_YOUR TASK_
Only the lines from the start of the data through the one containing "Affordable HOT SALE" belong in your answer; return them exactly.

Records contained in a dataset:
------------------------------------------------------------

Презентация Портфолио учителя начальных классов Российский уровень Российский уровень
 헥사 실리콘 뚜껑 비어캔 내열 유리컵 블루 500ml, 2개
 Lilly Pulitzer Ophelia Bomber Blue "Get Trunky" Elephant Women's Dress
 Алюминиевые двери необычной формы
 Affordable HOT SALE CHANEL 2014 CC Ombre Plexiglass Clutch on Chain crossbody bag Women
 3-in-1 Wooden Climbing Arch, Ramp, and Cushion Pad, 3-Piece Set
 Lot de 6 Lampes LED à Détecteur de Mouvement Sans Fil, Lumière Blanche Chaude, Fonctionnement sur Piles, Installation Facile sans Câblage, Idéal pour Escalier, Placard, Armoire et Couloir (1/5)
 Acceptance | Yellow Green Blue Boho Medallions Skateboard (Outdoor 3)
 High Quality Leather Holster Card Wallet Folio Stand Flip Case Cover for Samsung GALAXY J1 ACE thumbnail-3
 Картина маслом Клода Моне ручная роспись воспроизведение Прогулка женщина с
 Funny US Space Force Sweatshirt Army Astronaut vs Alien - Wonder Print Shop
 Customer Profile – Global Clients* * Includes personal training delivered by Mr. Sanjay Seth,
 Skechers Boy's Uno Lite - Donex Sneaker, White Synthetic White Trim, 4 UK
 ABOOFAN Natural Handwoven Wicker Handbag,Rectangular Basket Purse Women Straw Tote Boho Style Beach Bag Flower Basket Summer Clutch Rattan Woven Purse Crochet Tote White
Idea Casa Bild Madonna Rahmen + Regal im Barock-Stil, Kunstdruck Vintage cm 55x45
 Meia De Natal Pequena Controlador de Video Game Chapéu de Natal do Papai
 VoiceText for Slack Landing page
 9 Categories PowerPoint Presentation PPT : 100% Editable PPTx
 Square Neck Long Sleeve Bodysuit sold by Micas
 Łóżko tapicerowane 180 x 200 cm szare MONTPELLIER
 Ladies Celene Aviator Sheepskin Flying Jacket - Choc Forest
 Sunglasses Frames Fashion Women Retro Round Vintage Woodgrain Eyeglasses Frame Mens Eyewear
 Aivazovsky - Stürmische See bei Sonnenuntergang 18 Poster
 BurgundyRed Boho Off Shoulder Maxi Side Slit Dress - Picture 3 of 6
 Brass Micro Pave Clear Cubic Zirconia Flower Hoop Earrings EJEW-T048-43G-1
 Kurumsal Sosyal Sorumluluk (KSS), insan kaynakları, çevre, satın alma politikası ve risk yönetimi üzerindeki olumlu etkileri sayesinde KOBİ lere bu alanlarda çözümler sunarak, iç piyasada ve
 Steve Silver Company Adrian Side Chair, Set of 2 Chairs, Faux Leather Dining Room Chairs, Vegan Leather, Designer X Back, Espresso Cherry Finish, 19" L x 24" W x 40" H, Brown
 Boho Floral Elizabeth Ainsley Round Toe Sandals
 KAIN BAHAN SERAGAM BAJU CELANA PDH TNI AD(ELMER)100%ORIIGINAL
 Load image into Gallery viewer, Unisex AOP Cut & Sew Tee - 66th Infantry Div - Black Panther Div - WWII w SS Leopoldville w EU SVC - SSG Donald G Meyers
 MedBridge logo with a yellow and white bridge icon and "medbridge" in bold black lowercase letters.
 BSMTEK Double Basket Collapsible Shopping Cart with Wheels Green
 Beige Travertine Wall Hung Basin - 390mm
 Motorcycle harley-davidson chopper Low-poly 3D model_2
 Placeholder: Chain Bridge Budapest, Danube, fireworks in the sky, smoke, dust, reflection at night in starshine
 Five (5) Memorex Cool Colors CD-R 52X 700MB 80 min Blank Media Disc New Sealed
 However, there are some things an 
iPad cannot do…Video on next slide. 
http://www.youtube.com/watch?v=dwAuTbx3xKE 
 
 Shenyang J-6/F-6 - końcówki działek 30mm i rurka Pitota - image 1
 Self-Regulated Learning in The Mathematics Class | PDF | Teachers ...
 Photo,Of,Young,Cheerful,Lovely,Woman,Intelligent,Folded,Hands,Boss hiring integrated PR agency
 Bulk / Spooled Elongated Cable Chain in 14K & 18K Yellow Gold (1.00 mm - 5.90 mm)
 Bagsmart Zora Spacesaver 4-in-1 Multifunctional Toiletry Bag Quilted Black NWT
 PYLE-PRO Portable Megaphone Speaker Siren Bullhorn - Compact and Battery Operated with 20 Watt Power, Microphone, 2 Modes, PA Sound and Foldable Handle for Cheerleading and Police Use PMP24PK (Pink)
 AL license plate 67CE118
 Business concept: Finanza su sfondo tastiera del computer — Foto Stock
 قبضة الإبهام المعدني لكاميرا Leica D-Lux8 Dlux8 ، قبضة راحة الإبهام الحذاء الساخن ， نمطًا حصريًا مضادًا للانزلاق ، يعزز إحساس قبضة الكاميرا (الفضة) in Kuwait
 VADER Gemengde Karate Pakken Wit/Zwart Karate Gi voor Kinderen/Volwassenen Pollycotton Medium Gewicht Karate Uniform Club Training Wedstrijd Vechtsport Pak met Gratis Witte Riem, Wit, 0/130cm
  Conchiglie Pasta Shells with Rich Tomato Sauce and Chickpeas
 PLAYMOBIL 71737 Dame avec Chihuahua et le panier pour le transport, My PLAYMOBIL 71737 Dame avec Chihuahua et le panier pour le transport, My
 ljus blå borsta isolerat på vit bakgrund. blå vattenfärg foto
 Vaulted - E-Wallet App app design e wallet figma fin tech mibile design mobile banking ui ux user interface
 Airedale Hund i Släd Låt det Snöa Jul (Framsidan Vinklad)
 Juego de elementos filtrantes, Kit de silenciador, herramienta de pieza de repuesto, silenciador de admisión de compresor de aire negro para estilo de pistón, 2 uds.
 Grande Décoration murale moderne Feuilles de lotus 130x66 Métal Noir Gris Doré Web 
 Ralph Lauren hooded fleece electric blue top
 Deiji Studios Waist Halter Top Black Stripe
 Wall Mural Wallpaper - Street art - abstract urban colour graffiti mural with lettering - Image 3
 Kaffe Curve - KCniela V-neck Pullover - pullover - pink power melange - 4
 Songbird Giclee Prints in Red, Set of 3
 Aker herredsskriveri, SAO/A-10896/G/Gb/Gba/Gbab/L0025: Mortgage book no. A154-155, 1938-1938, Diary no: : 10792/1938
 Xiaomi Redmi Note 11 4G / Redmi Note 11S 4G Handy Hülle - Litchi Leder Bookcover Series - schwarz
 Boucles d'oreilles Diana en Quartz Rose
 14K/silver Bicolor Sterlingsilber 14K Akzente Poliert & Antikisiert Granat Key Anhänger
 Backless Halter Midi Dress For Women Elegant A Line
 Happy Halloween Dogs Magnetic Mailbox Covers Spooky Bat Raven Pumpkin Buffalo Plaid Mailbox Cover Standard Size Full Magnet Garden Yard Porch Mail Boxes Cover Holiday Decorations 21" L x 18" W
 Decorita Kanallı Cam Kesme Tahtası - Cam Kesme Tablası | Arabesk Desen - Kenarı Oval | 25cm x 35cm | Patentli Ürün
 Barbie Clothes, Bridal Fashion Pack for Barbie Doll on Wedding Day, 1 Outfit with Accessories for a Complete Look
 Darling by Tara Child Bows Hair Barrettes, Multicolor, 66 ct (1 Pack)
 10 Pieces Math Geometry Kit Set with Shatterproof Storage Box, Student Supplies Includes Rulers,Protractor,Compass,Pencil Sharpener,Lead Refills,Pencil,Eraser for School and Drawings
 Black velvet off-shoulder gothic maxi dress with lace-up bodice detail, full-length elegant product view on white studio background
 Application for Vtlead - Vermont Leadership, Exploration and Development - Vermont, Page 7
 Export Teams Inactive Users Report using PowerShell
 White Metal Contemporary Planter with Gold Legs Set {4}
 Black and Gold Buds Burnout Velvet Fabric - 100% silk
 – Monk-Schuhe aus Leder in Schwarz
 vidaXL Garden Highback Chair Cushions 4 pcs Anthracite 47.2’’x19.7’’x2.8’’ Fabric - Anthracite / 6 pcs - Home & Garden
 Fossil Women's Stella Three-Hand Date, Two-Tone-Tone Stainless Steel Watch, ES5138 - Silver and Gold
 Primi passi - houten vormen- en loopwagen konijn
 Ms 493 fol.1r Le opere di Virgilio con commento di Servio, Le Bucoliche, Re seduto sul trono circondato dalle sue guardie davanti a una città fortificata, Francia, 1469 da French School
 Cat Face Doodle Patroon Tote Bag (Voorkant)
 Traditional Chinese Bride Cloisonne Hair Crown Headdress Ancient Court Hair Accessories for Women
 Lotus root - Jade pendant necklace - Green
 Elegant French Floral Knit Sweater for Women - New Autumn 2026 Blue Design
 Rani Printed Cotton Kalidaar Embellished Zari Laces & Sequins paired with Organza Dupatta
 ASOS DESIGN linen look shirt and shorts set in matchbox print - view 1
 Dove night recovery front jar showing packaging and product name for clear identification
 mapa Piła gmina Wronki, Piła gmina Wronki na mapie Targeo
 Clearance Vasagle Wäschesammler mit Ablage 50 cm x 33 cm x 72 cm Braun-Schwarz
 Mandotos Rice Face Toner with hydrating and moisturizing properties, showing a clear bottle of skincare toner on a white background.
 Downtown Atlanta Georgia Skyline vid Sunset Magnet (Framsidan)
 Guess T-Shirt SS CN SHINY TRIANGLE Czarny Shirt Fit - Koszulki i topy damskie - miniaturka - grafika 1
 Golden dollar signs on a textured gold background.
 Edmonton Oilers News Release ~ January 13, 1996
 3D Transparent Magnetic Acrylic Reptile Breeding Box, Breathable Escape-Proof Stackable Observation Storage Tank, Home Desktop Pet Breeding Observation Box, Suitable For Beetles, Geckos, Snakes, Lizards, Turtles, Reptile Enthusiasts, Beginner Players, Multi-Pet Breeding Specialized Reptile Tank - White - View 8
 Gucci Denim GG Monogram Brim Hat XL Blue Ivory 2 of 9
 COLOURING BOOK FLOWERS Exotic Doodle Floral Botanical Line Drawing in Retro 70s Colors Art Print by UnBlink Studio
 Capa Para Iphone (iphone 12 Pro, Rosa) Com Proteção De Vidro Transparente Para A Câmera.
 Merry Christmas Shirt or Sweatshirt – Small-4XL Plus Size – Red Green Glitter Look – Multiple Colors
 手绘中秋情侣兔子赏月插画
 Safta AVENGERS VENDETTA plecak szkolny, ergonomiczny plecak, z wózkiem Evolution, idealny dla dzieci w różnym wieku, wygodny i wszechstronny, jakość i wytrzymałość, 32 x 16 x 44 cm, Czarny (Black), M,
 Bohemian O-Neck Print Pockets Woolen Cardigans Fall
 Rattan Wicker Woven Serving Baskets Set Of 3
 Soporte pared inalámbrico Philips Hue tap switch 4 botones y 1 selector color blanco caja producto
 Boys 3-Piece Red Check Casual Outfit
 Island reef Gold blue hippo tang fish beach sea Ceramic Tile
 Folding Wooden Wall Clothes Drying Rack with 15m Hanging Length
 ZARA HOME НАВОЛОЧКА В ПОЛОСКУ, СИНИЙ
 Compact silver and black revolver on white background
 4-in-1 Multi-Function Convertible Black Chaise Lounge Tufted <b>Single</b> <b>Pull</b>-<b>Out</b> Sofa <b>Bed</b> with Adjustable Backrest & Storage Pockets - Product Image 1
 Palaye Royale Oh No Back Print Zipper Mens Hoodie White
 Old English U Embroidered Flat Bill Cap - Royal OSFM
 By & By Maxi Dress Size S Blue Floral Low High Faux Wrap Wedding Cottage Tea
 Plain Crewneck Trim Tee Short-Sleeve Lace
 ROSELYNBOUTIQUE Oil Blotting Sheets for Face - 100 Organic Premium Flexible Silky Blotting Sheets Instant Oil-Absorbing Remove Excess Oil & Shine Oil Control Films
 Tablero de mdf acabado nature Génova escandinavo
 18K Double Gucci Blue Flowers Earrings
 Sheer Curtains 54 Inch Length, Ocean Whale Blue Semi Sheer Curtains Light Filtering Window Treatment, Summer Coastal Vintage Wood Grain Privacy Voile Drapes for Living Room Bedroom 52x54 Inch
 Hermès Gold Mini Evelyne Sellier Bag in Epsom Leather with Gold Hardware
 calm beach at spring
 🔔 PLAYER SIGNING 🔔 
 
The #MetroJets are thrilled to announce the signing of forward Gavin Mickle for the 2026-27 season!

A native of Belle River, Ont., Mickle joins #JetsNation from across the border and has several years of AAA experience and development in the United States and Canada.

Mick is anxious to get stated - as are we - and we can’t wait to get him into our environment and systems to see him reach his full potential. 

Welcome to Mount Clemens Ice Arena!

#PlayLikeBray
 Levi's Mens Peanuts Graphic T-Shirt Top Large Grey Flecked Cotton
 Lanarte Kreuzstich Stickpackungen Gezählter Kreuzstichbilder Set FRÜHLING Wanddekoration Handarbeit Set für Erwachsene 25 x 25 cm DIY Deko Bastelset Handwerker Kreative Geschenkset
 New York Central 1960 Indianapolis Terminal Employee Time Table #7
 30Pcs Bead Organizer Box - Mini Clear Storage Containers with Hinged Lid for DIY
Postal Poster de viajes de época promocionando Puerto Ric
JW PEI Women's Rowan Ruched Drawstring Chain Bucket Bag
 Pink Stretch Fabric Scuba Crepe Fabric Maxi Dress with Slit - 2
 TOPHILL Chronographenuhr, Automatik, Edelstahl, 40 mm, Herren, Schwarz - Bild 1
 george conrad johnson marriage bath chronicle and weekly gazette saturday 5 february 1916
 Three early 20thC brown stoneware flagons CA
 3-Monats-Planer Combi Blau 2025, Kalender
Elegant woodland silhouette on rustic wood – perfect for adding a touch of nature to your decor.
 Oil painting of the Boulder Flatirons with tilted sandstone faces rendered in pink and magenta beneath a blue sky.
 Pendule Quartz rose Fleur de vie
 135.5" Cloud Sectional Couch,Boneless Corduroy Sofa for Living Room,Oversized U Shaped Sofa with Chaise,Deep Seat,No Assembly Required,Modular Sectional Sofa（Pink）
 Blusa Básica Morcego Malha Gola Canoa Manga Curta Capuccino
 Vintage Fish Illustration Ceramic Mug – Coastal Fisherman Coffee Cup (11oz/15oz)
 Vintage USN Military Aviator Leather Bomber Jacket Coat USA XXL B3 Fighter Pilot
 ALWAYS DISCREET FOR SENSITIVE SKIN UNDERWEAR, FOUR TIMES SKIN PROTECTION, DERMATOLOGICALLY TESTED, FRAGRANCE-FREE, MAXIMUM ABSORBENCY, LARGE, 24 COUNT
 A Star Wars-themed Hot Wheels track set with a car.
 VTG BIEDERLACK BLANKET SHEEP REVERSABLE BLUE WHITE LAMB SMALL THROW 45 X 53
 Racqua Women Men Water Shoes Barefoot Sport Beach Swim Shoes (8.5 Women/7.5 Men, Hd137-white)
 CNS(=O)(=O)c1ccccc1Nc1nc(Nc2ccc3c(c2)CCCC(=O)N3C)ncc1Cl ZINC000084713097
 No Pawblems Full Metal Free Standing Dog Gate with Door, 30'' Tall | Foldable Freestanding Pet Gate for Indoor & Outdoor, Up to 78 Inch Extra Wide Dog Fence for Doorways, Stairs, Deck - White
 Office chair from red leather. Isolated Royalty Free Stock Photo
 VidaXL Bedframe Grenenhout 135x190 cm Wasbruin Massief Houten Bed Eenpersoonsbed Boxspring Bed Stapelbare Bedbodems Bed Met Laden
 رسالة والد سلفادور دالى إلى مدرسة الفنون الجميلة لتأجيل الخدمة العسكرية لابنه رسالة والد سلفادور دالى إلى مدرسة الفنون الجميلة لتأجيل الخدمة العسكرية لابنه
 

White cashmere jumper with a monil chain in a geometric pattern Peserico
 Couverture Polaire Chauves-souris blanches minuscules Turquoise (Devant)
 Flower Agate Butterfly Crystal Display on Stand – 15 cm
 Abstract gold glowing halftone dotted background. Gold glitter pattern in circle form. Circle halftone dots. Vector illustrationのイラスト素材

------------------------------------------------------------

_WRITTEN RESPONSE_
Презентация Портфолио учителя начальных классов Российский уровень Российский уровень
 헥사 실리콘 뚜껑 비어캔 내열 유리컵 블루 500ml, 2개
 Lilly Pulitzer Ophelia Bomber Blue "Get Trunky" Elephant Women's Dress
 Алюминиевые двери необычной формы
 Affordable HOT SALE CHANEL 2014 CC Ombre Plexiglass Clutch on Chain crossbody bag Women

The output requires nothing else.